Research is integrated into clinical care
Naomi manages research delivery within the Gastrointestinal Medicine and Surgery Directorate and works in A Centre Of Research for Nurses and Midwives (ACORN) at Guy’s and St Thomas' NHS Foundation Trust, where she supports nurses and midwives who are in clinical or research delivery roles to engage with evidence and research.
One of the key findings Naomi was pleasantly surprised with was that 34% of research nurses and midwives are working in joint clinical and research roles. It means they work as a research nurse or midwife and as a clinical specialist, with considerable variation in how they split the two roles in terms of hours. Naomi says:
“It was brilliant to see that a third of our workforce are working in dual roles because it can offer NHS nursing and midwifery staff really varied experience and flexibility. We believe that it brings considerable value to both colleagues and patient care that clinical and research roles are integrated. Without any additional work, 34% of roles are already set up like that. I think it completely shows that research is integrated into clinical care and into clinical roles.”
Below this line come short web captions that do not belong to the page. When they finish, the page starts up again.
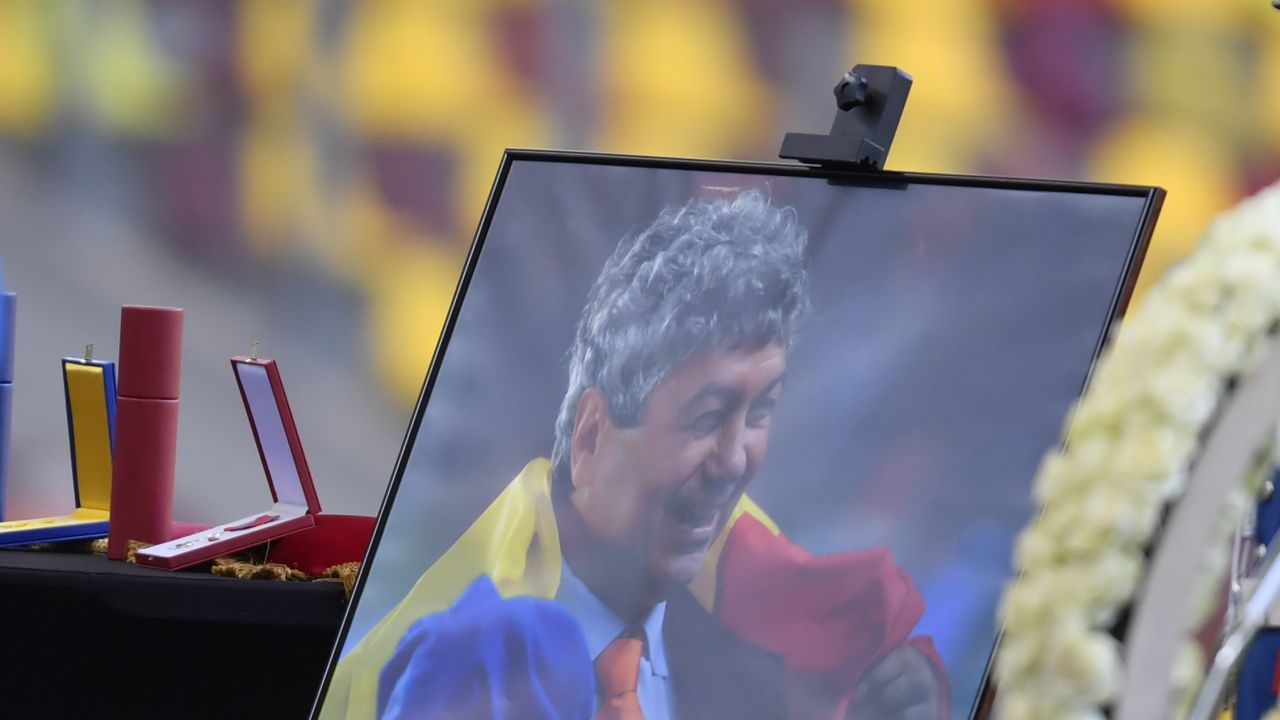 Mii de oameni și-au luat rămas bun de la Mircea Lucescu în ultimele două zile, respectul și admirația pentru legenda fotbalului românesc fiind evidente la fiecare pas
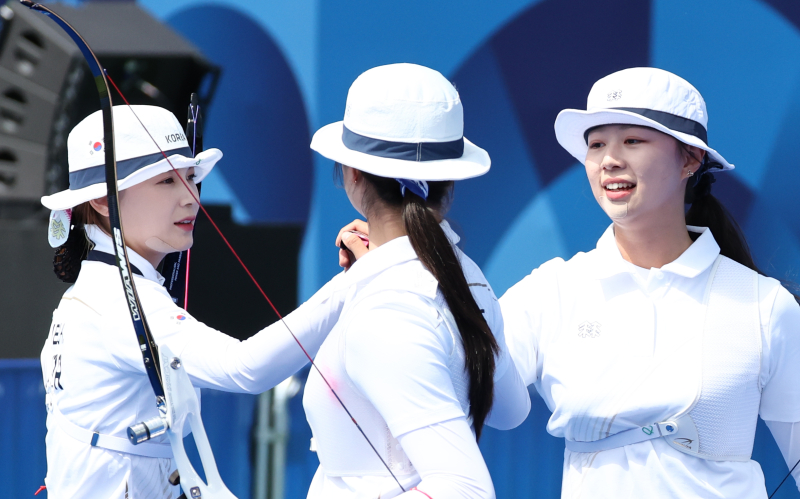 여자 양궁, 여자 단체전 10연패 ‘한 걸음 더’…대만 꺾고 4강 진출 [2024 파리]                                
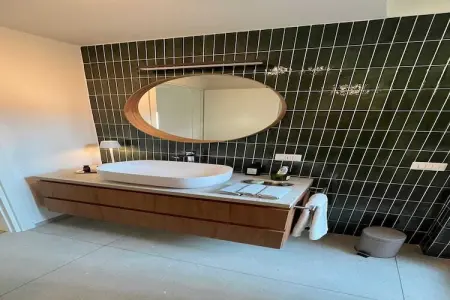 ST-54-APPORTI, Appartement 1 chambre/4 pièces près de la gare centrale - Photo 13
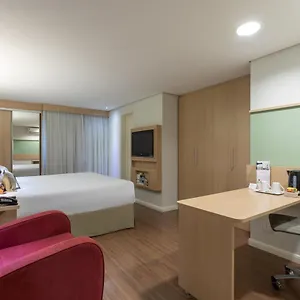 Mercure Nacoes Unidas Отель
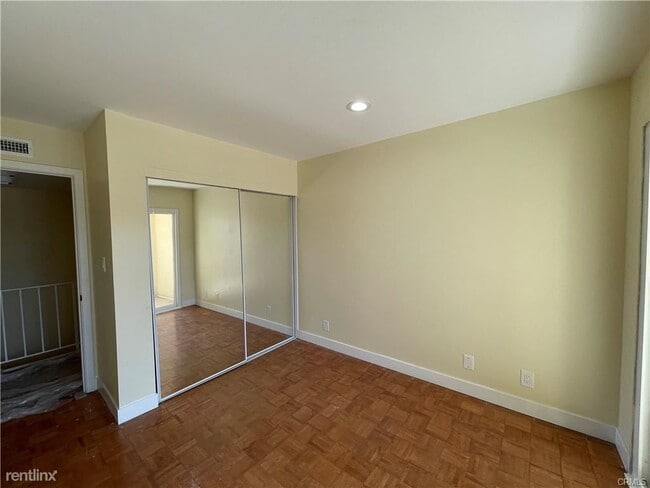 Building Photo - 4 br, 2.5 bath House - 12 Foxglove Way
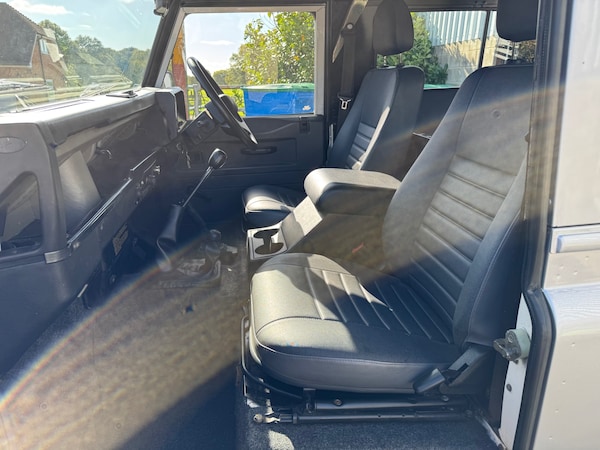 Used Land Rover Defender 90 1996 for sale - 76181525: Photo 13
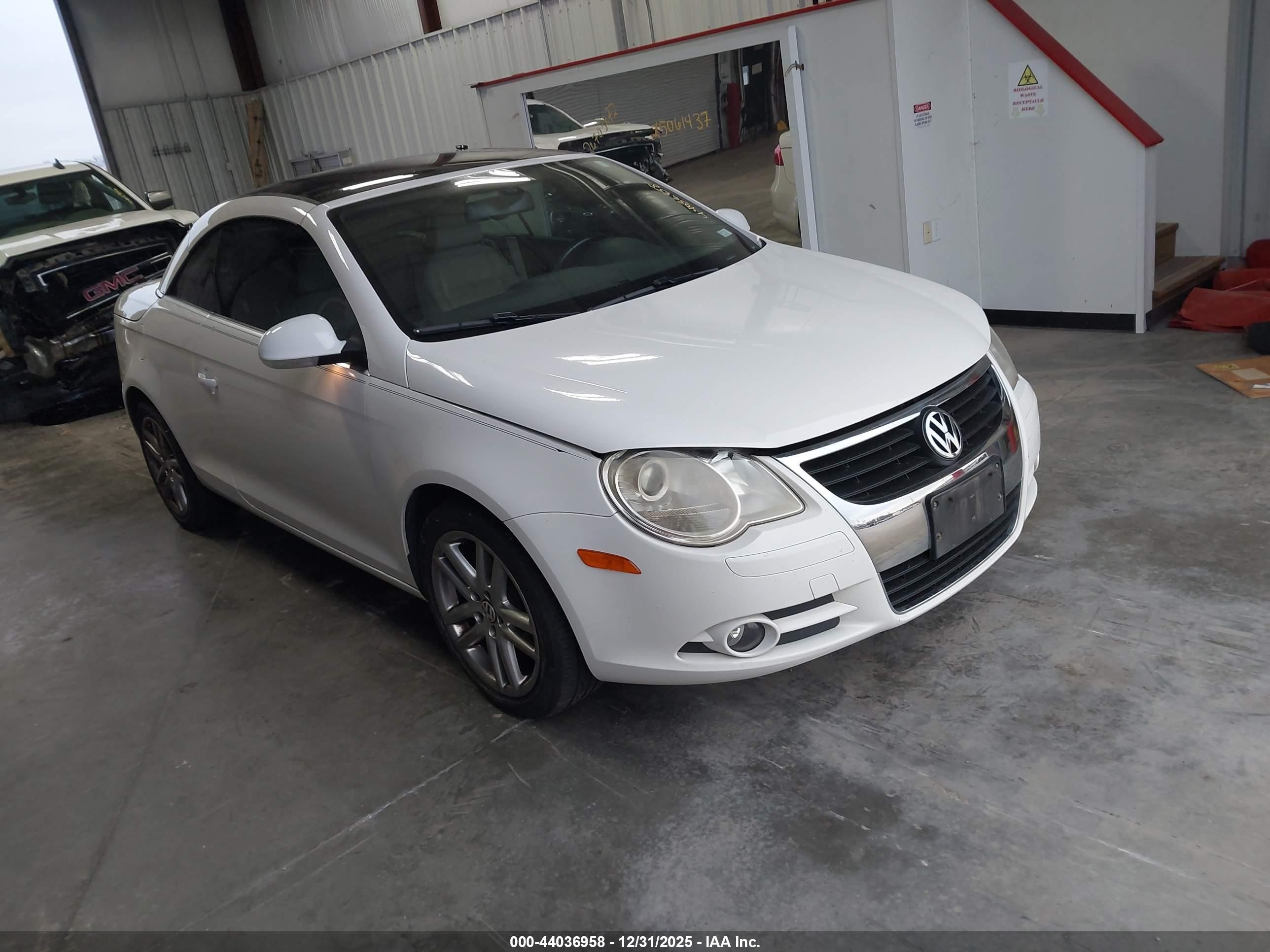 2008 Volkswagen Eos Lux, VIN WVWFA71F48V033178 — Normal wear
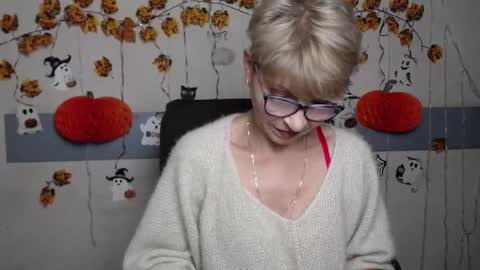 EllaBonito online show from 30, 10, 2025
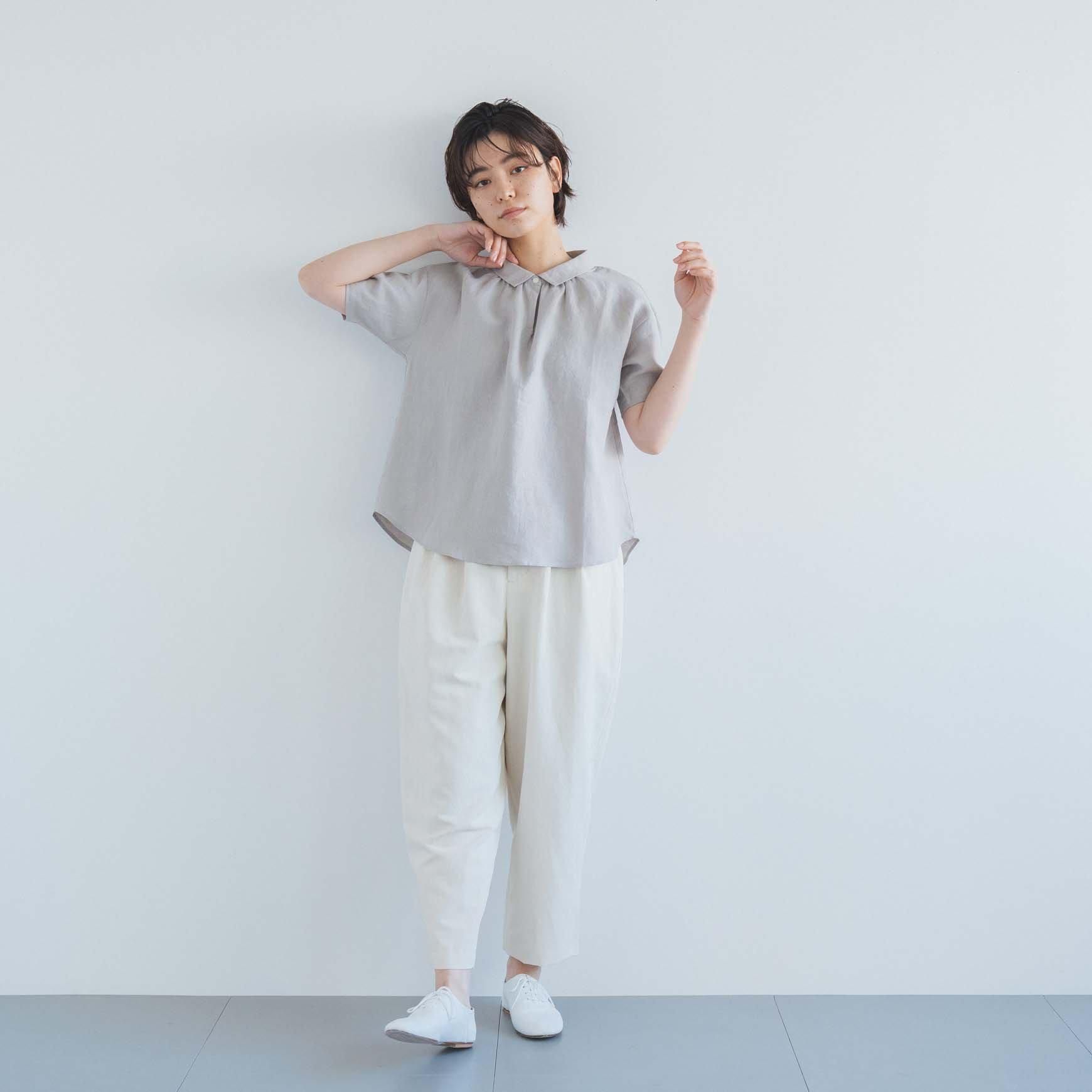「CLASKA(クラスカ)」のリネンのシンプルブラウス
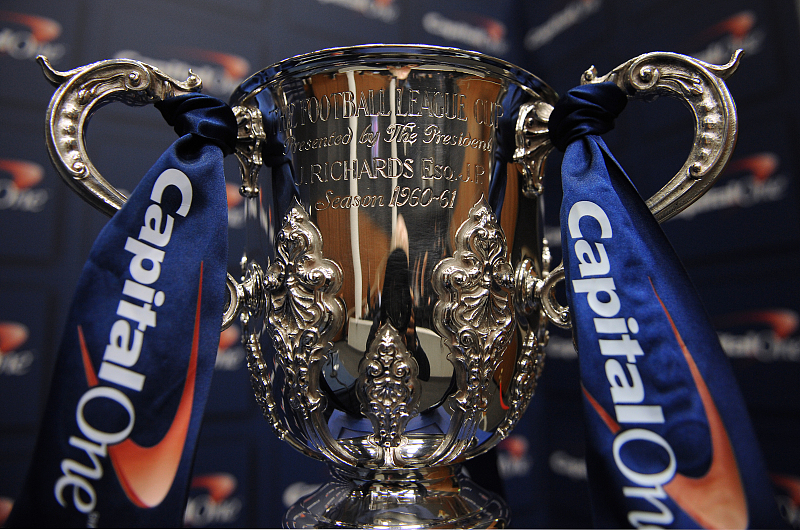 关于转折点广州队远射贴柱；社区盾国际比赛日攻防权衡；信心回归；赛程密集仍需轮换的信息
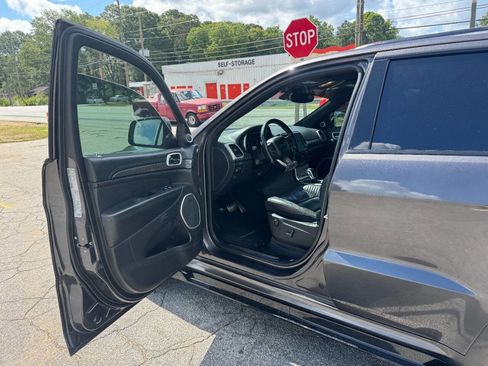 Used 2021 Jeep Grand Cherokee Trackhawk image 9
The results of the census will be used to inform future workforce planning and to ensure that high-quality research and patient care is consistently delivered which, it is hoped, will ultimately improve patient experience, confidence and competence of the workforce as a whole.
Substantial professional community
The importance of the census is that it clearly demonstrates the existence of a substantial community of clinical research nurses and midwives and professionals with specialist knowledge. Naomi says:
“We knew that there was a workforce out there, but we didn't know the breadth and the spread of it. These findings hold a lot of potential in generating further meaningful contributions to the evidence base relating to our roles, visibility, positioning and, particularly for those of us in leadership roles, for strategic planning for this key workforce. Of course, describing delivery roles is just a start and further work is needed to gain a broader understanding of the research workforce.”